Obra do escritor chileno ganha primeira coletânea de ensaios críticos no Brasil

No Brasil, a carreira do escritor chileno Roberto Bolaño só começou mesmo após seu falecimento, em 2003, confirmando a máxima de que, por aqui, talvez não haja melhor agente literário do que a morte do autor. Desde então, o interesse pela sua obra avançou rapidamente, de modo que hoje cerca de 70% dos seus livros já estão traduzidos no país.
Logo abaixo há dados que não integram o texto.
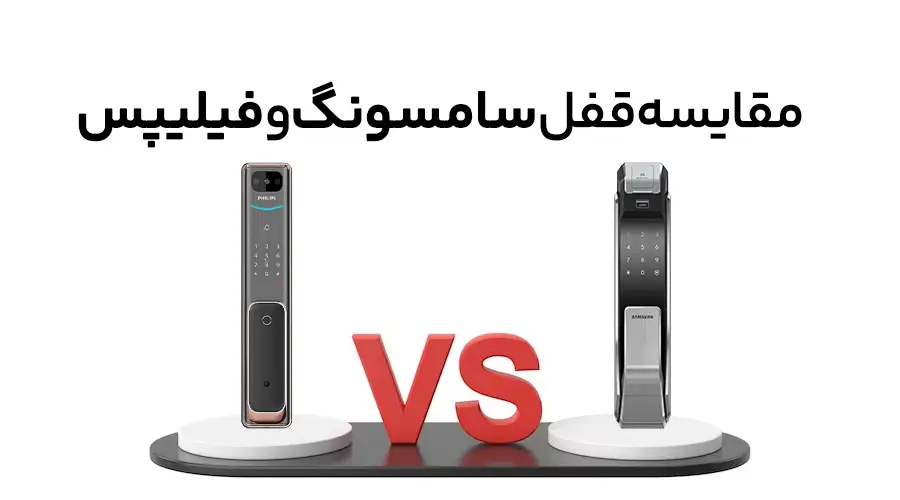 مقایسه قفل سامسونگ و فیلیپس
Agora chega às livrarias a primeira coletânea de textos críticos de pesquisadores brasileiros dedicada exclusivamente ao escritor.

Toda a orfandade do mundo: escritos sobre Roberto Bolaño foi organizado por Antonio Marcos Pereira, professor da UFBA, e por Gustavo Silveira Ribeiro, professor da Faculdade de Letras (Fale) da UFMG. Reúne textos de 11 pesquisadores, entre eles Graciela Ravetti, também da Fale, e o próprio Gustavo, que ainda neste ano publicará, pela editora UFMG, o volume O drama ético na obra de Graciliano Ramos – leituras a partir de Jacques Derrida, desdobramento de sua tese de doutorado, vencedora do Prêmio UFMG de Teses 2013.

“Com seu conjunto de textos, Bolaño ajudou a renovar o interesse pela prosa latino-americana. Ele faz uma espécie de metaliteratura – uma literatura pensante, ensaísta, voltada para os próprios meios – e reinventa a forma."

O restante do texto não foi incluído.